Young street dancers descend on Darling Harbour – a long laneway between the ICC Theatre and the Exhibition Centre – to practise. Some watch their reflections in the windows as they move; others set up a speaker and dance in ones, twos or threes.
A tradition that started at the old Entertainment Centre – popular around Asia – has shifted venues with the transformation of Darling Harbour. And even though there are fewer windows in the theatre, anything to up to a hundred dancers can turn up when there is a big battle – or competition – coming up.
On a Friday afternoon, Mavis Wong, a 19-year-old visual communications student at UTS, is practising in front of a window with Max Nguyen, a 19-year-old dentistry student at “USyd”.
Their dance style is waacking, which grew out of the gay clubs of Los Angeles in the 1970s, and they are preparing for a battle at Club 80 Proof in the city. They dance in the laneway three or four times a week, often in the evenings, catching the train from home.

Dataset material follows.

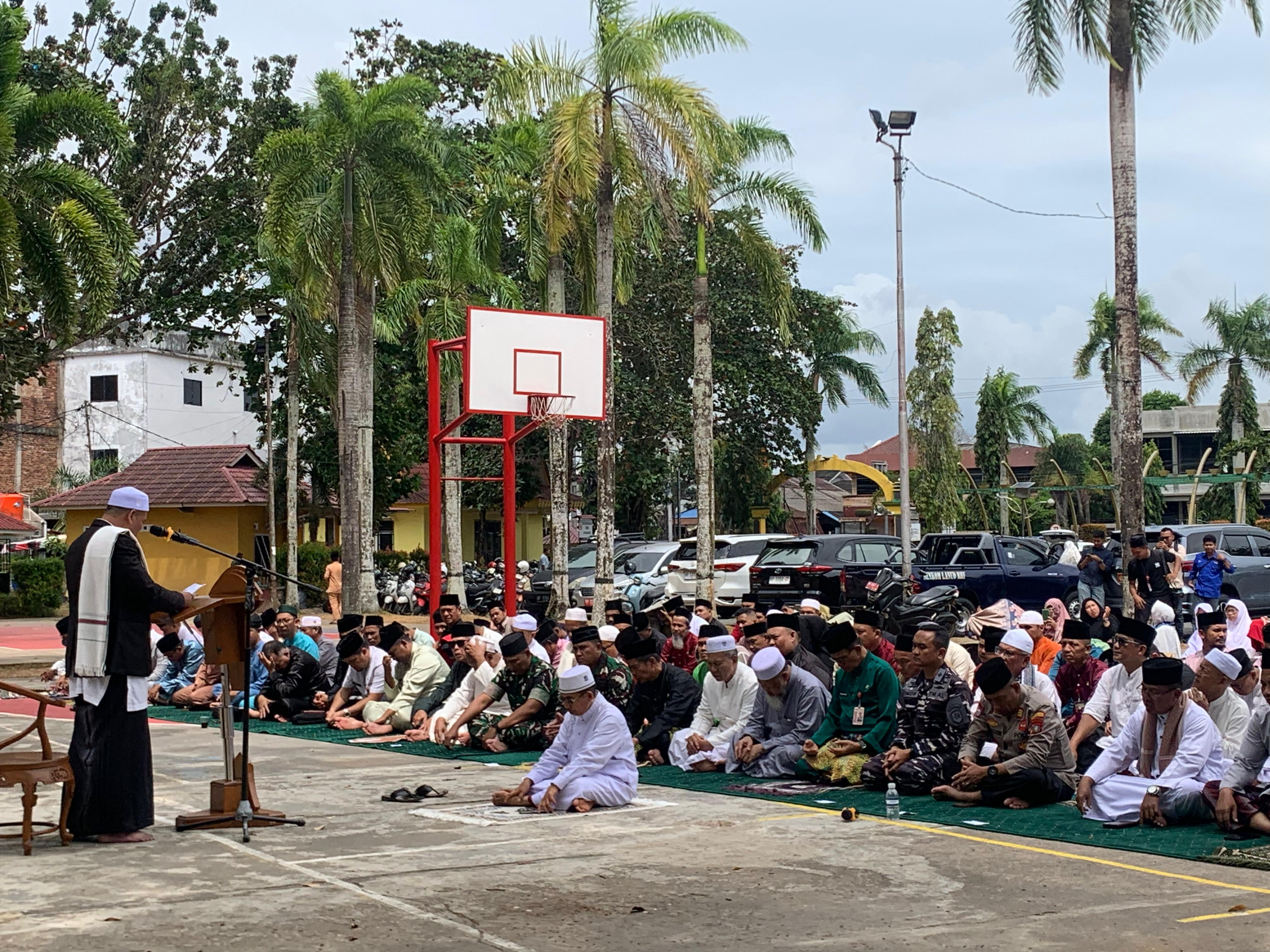 Shalat Istisqa Bersama, Danlanal Bintan dan Warga Tanjungpinang Memohon Hujan Untuk Bumi yang Kering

Other dancers prefer hip-hop, breaking, popping, locking or vogue.
They say part of the attraction is the laneway is a free open space that attracts a community, sometimes members of such dance clubs as the University of Sydney’s Soulxpress.

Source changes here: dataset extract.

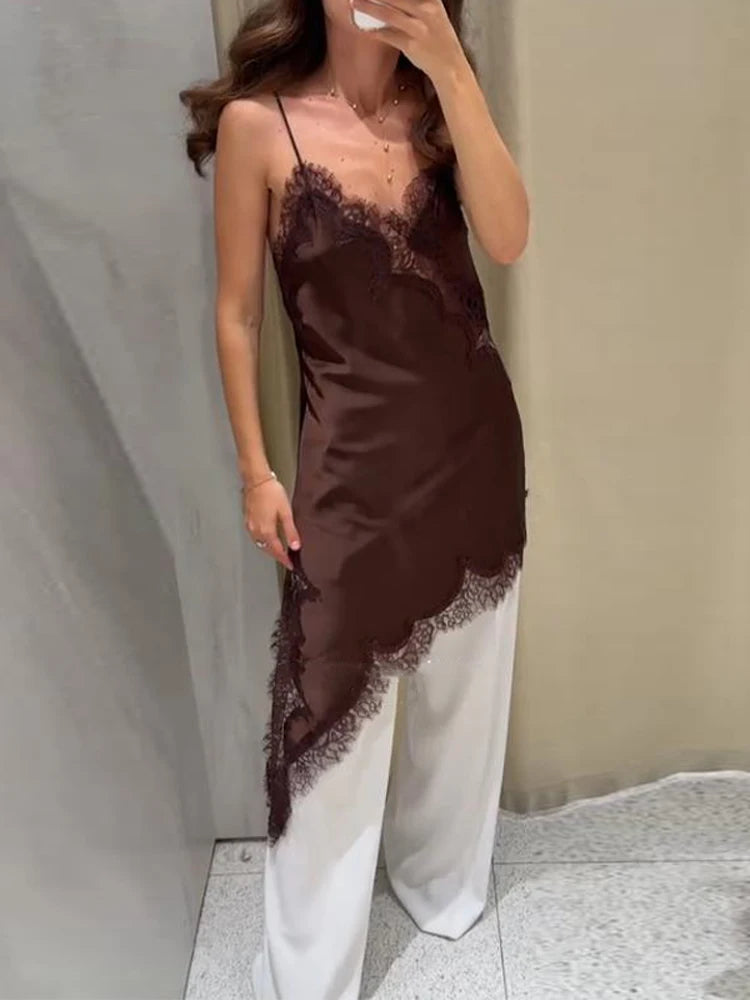Robe courte en satin et dentelle Marion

“This is a really big common space where a lot of people mix and make connections,” Wong says.
“There’s lots of good mirrors and reflections. You can train for your dance but, without mirrors, it’s really hard to see your form, whether it’s correct.”
Annie Tsang, a 20-year-old biotechnology student at UTS, is practising beneath Japanese artist Ryoji Ikeda’s striking electronic artwork data.scape.

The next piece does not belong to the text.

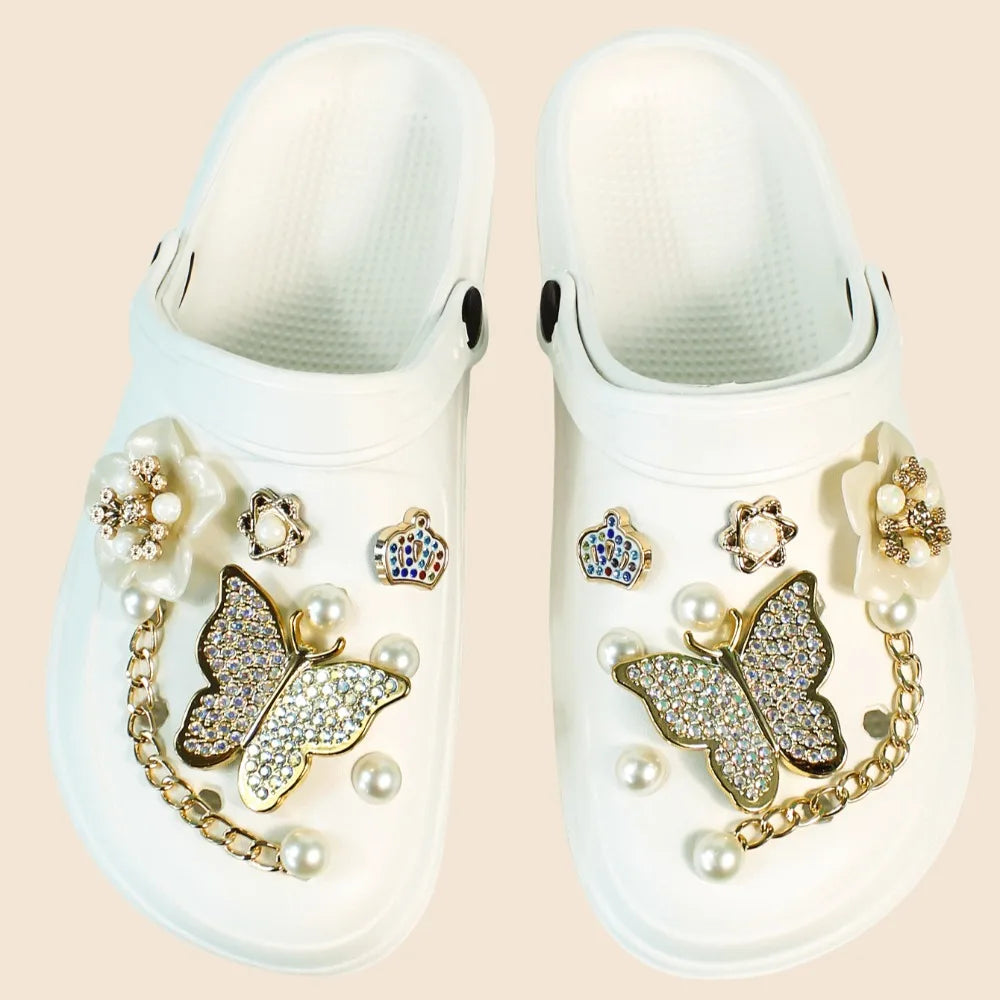 Sabots d’été pour femme, style DIY avec décoration ours et perles. Mules de plage tendance à trous (cave shoes), chaussures plates décontractées pour jardin et usage quotidien, vendues avec emballage individuel.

She dances at Darling Harbour a couple of days a week, either by herself or with friends. Today she is preparing for a battle at the Fast and Furious style car show Hot Import Nights at Sydney Olympic Park.
“Most people here are uni students, from uni dance societies,” Tsang says. “Pretty much there’s people here every day.”
Ready for a name change
There are a lot of Darlings in Darling Harbour: Darling Park, Darling Quarter, Darling Square, Darling Drive and, not far away, Darling Island.
That’s without all the other places around the state named after a former NSW governor including Darling Point, Darlinghurst, Darling Street in Balmain, Darling River and the Central Darling Shire.
Confusion about what’s where in the redeveloped precinct – and exactly what Darling Harbour covers – leaves the area ready for a name change.
Sydney Business Chamber is part of a push to have the shoreline from Barangaroo to the planned new Sydney Fish Markets rebranded “The Edge” to appeal to both tourists and locals. But Darling Harbour needs a new identity of its own.
There is a name already established that would both define the new precinct and complement the Indigenous naming of Barangaroo and Bennelong Point: Tumbalong, a Dharug word meaning “place where seafood is found”.
Already recognised from the park at the heart of the revitalisation, changing the name from Darling Harbour to Tumbalong would acknowledge the area’s history and rebrand it as a new city destination.
Darling Harbour: a timeline
1984: Wran government announces the redevelopment of Darling Harbour as a Bicentennial project.
1988: An old railway goods yard becomes the site for a new convention and exhibition centre in a project that also includes Sea Life Sydney Aquarium, Australian National Maritime Museum, Tumbalong Park and the Chinese Garden of Friendship.
Early 2000s: While it hosted five sports during the Olympics, Darling Harbour south of Pyrmont Bridge is in decline as a tourist and entertainment precinct.
2011: Darling Quarter, two nine-storey buildings with offices, shops, restaurants, a theatre and a park out front, opens.
2012: Developer Lendlease’s Destination Sydney team wins a bid to redevelop the precinct.
2014: Work begins on the $3.4 billion redevelopment that includes replacing the convention and exhibition centre, Entertainment Centre, improving the appeal of Darling Harbour and building new apartments, offices, shops and restaurants at Darling Square near Chinatown.
2018: Hassell and Populous win urban design awards at both the NSW Architecture Awards and National Architecture Awards.
Third quarter 2019: New Darling Square neighbourhood expected to be completed.